The Member of Parliament for North Tongu Constituency, Hon. Samuel Okudzeto Ablakwa, has disclosed that unlike previous years, government has done the right thing by making specific allocations towards the National Cathedral project in the 2023 budget.
This follows after the Minister of Finance, Ken Ofori-Atta revealed that all of government’s expenditures in respect to the project, were derived from Contingency Vote.
“After all the lawlessness, deception, falsehood, illogicality and dishonesty about the National Cathedral being a Contingency Project; the Akufo-Addo/Bawumia/Ofori-Atta government has finally been forced to do what is right by capturing a specific allocation of GHS80million at page 195 in the 2023 Budget for parliamentary approval.”
Okudzeto Ablakwa, MP
When Mr. Ofori-Atta appeared before the Parliamentary censure motion ad hoc committee, he explained that the Contingency Vote was the statutory allocation for all of government’s unforeseen expenditures at the time of the preparation of the budget.

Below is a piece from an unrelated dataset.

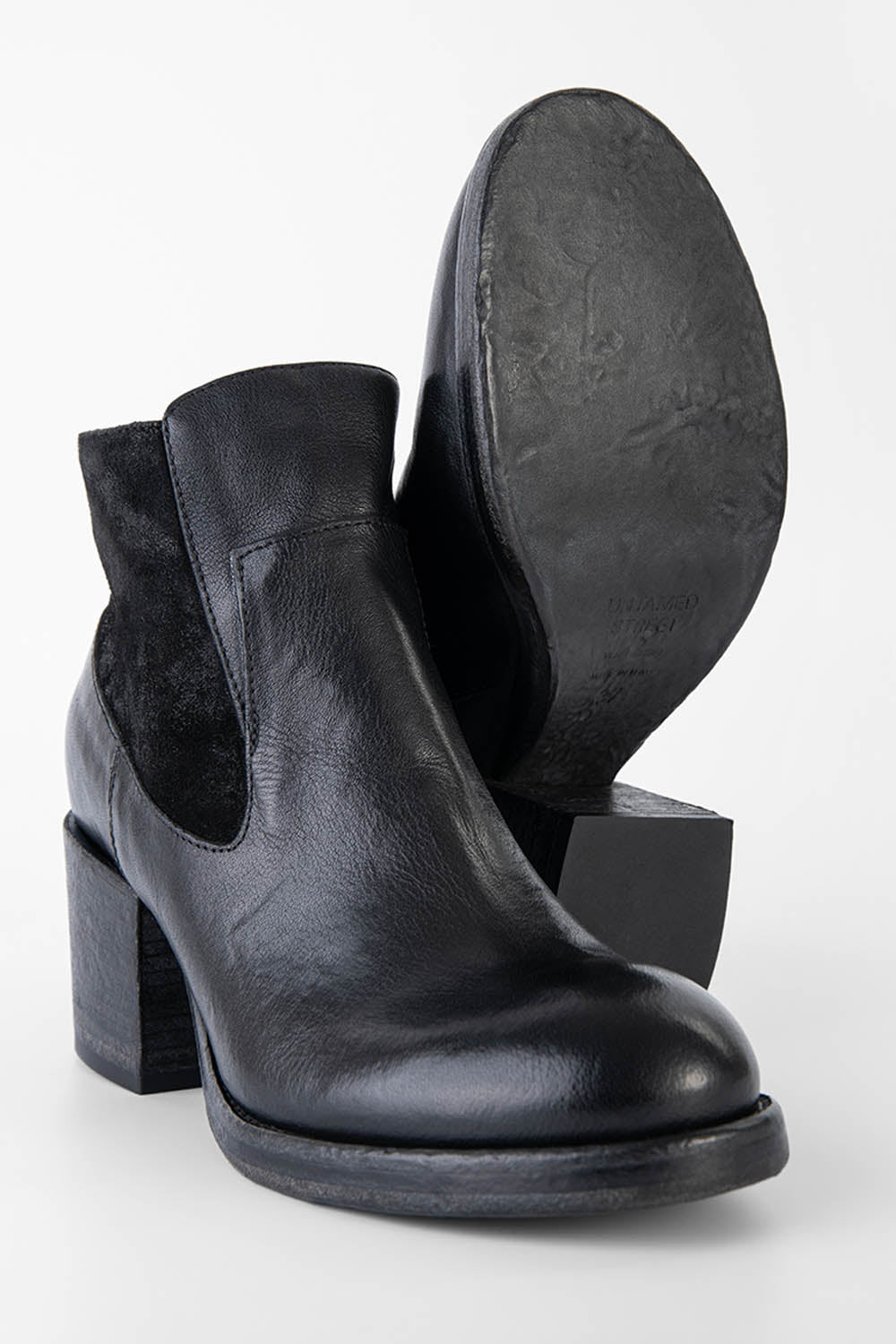 BERKELEY charcoal-black mid heel low boots.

“In preparing the annual budgets, the practice is that provision is made for indicative expenditures that have not been fully costed at the time of the budget presentation,” Mr. Ofori-Atta explained.
The Finance Minister cited funds for the 2014 FIFA World cup and the ongoing 2022 edition as being from the Contingency Vote.

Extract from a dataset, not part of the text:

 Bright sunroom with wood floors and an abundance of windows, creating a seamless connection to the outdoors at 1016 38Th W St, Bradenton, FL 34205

Since the Contingency Vote is for unbudgeted expenditures, Ofori-Atta insinuated that government did not anticipate it would spend on the National Cathedral project.

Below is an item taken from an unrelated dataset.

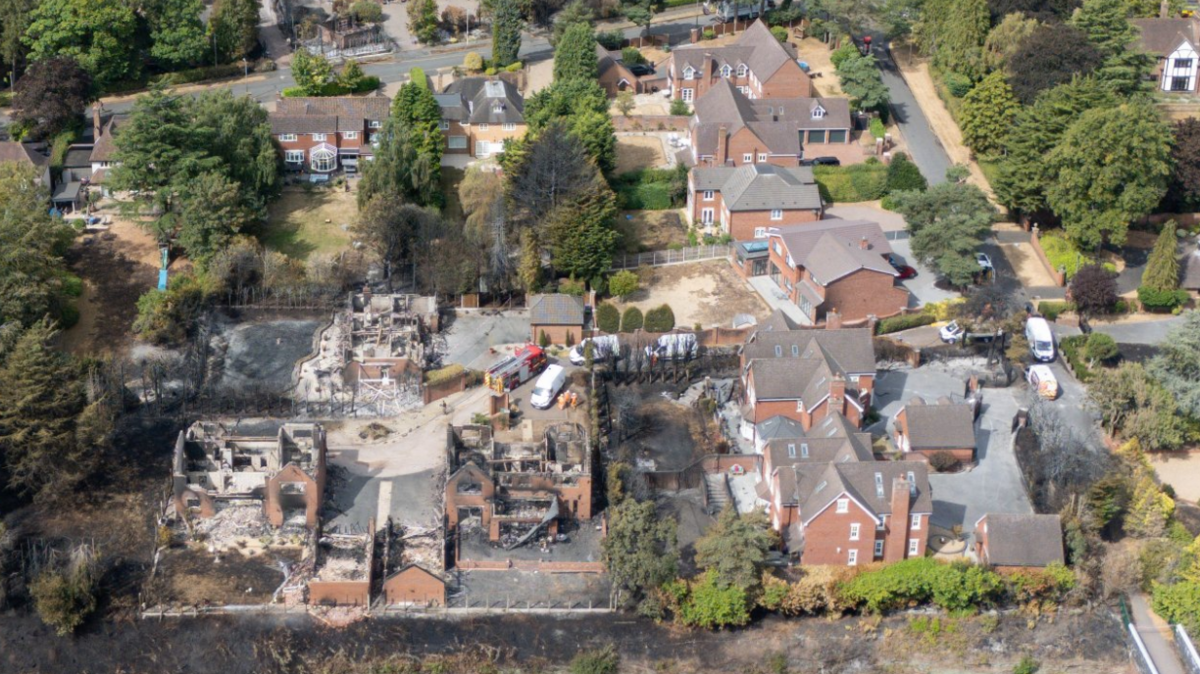 An aerial view of houses damaged by fire with a number of properties largely destroyed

This, Okudzeto Ablakwa who himself was a member of the committee, found to be false and dishonest. “God’s Temple cannot be built on a sinful foundation of dishonesty,” Okudzeto wrote.
The National Cathedral Saga
In the Auditor-General’s report for the financial year 2021, the government of Ghana had spent ¢142 million on the National Cathedral project.
In 2019 when the project was first announced by the Finance Minister, it was estimated to cost over $100 million. An amount that has since been changed to $340 million.
Prior to the Auditor-General’s report, Hon. Samuel Okudzeto Ablakwa brought out a document alleging that an amount of GH¢200 million was paid by government towards the construction of the project.
The North Tongu MP claimed government paid the monies without seeking Parliamentary approvals.
Okudzeto also revealed that the Executive Director of the Cathedral’s Board of Trustees, Dr. Paul Opoku Mensah, was on government’s pay roll.
“The Executive Director of the Secretariat, a Secretariat presented as a private entity, has also been enlisted as a Presidential staffer and his position there is an overseer of the National Cathedral,” Okudzeto disclosed.
Meanwhile, the project was said to be a fulfillment of a personal pledge President Akufo-Addo made to God and so, upon Okudzeto Ablakwa’s revelations, many Ghanaians questioned why public funds were used to sponsor the project.
The weeks that followed the revelations saw many Ghanaians and pressure groups backlash government.